"Rabaté's strength is that he does not treat modernism as a monolith. The study's originality is in its close examination of several 'key' themes in several 'key' texts, almost all of which he reads autobiographically. . . . It is the pattern of these themes as well as the psychoanalytic method that holds these essays together. The result is a fresh look not at modernism as a whole, but at some central themes and images of the modernists."--S. E. Gontarski, Crosscurrents Series Editor
Jean-Michel Rabaté, the eminent French Joycean, combines psychoanalytical and philosophical concepts in rereading the history of modernity to give a more precise meaning to the term "modernism."
Rabaté focuses throughout on a single theme, the ghostly nature of modernity. In writing a history of the concept of modernity with the awareness that the radically new has often been subject to the effects of the return of the repressed, Rabaté analyzes the notion of loss in various fields: in Freudian aesthetics of color, in literary history, and in philosophy. The postmodernist fascination with a lost object allows a reconsideration of the boundaries of such terms as "modernism" and "postmodernism."
The conclusion ties together all these motifs, from Joyce to Barthes, together and shows their theoretical basis in Marx's criticism of ideology and in Freud's consideration of mourning.

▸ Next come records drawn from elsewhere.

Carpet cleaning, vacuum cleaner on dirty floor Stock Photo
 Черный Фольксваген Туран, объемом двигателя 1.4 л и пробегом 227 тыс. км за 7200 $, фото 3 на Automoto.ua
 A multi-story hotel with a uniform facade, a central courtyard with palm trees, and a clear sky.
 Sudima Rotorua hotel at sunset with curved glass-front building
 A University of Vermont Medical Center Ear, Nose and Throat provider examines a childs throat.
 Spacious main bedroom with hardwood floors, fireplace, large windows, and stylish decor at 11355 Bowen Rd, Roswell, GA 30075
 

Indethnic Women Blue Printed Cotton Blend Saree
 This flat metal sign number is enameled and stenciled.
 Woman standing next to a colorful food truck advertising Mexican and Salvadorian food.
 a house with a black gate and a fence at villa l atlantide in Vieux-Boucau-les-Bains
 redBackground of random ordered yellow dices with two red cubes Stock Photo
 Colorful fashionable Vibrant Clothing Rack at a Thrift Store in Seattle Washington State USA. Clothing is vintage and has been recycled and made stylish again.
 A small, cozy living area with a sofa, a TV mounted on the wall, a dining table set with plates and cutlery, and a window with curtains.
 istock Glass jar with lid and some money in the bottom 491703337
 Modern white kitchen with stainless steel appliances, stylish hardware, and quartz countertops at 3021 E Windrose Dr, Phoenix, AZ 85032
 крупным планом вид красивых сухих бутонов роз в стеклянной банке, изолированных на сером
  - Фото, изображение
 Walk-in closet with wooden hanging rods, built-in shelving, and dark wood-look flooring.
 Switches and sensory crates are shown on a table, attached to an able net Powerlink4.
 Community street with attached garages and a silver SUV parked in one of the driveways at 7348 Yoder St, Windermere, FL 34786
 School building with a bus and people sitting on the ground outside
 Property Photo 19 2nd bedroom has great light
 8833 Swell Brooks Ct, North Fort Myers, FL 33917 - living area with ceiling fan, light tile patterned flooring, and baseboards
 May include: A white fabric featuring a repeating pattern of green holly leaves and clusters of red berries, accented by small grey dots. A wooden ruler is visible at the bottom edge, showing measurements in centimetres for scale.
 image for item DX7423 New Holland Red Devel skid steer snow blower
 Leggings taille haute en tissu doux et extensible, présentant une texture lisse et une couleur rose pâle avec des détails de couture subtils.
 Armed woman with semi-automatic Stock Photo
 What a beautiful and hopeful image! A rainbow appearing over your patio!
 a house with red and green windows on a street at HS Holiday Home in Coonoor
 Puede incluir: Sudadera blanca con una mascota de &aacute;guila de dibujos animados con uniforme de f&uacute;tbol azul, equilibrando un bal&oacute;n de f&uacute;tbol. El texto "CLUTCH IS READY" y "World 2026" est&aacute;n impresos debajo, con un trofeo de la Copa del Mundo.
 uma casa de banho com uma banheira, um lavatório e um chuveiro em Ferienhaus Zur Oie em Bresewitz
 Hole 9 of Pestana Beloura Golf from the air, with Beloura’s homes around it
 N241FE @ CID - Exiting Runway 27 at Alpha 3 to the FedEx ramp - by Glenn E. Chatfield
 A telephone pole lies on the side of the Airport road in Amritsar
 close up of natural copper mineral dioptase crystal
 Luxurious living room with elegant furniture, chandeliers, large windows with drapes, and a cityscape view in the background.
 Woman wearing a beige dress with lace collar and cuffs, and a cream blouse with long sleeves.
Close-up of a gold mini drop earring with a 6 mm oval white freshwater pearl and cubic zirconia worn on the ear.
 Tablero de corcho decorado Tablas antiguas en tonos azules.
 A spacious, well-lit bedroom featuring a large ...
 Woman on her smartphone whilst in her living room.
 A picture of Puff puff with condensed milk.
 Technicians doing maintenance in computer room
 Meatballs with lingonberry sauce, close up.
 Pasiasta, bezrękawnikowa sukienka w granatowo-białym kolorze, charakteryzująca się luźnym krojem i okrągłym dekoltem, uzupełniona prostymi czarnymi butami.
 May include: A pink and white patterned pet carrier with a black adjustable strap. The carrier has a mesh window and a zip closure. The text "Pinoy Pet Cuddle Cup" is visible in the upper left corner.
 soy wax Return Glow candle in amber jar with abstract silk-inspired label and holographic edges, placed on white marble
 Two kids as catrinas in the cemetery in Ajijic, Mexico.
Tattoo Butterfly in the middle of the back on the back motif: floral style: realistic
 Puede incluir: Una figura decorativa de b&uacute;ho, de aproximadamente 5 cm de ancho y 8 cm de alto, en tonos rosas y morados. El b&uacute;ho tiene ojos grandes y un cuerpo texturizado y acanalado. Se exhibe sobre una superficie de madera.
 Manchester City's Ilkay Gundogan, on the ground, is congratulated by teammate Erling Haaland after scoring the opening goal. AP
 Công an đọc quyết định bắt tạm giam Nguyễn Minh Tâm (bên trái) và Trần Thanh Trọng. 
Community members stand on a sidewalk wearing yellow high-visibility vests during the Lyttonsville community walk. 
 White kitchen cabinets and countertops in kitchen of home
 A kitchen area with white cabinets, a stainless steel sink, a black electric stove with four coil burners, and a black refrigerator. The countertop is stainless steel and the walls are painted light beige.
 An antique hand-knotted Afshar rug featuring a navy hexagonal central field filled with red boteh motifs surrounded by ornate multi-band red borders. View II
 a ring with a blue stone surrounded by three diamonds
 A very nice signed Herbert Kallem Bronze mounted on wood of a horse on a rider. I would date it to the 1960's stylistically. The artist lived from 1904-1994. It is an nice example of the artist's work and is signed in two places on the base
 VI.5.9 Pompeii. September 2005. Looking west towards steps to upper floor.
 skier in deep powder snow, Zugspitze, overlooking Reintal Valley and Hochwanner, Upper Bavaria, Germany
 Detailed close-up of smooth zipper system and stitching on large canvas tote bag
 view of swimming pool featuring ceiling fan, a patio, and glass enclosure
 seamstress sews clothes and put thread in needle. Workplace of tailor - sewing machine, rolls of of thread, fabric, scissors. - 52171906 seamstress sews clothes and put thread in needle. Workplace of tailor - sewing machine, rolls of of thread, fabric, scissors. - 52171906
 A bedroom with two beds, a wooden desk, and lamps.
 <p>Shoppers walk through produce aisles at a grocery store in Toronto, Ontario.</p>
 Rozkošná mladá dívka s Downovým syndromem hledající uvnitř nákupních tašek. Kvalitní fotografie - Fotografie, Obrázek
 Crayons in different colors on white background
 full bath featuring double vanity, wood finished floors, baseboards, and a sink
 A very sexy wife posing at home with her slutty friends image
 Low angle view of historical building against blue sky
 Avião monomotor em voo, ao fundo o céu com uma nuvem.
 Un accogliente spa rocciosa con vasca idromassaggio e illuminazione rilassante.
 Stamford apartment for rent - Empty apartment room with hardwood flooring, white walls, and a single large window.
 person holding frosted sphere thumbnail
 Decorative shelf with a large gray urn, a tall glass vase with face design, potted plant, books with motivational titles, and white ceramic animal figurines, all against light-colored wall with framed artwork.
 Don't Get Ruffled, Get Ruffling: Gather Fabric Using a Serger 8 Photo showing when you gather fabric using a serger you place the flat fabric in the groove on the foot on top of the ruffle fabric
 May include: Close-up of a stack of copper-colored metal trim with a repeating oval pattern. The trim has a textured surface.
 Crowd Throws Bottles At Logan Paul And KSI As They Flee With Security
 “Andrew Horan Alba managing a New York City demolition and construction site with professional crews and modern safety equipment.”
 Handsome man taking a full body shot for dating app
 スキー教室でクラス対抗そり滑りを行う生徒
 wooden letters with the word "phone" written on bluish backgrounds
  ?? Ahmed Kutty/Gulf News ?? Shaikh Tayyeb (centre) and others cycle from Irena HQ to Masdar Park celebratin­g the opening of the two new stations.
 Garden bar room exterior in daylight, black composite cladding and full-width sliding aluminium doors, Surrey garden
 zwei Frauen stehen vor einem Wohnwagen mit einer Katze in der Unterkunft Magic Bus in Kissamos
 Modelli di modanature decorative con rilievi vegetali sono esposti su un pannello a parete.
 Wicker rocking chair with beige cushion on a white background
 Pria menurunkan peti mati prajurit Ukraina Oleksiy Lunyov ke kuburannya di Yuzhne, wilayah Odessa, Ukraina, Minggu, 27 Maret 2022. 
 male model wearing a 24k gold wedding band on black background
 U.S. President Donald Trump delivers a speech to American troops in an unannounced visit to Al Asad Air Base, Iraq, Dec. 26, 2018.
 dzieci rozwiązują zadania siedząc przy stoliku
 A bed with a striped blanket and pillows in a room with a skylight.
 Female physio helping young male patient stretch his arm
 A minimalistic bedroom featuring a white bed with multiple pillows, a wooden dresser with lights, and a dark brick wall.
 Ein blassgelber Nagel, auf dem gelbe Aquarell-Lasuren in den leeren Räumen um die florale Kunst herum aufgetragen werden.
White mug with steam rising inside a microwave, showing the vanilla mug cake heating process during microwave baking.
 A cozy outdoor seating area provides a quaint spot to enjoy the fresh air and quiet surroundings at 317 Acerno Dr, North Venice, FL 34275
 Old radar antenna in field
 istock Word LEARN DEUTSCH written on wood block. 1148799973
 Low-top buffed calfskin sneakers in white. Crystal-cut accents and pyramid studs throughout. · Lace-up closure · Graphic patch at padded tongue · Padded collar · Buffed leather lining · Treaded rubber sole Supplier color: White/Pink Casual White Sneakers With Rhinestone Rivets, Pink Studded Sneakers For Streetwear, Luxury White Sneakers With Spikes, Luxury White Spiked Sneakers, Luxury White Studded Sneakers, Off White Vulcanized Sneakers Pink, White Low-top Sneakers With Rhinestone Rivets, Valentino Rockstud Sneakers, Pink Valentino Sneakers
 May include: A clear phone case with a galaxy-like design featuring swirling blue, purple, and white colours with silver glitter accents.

From the analysis of "color" as an unthinkable object of discourse to an aesthetics of the unpresentable, Rabaté points to the possibility of an "ethics of mourning," which would seem capable of overcoming the dead end of history whose ending condemns it to eternal repetition.
This work will appeal to a wide community of scholars. Its strong French and continental emphasis has application in literary studies, particularly English, French, and comparative studies.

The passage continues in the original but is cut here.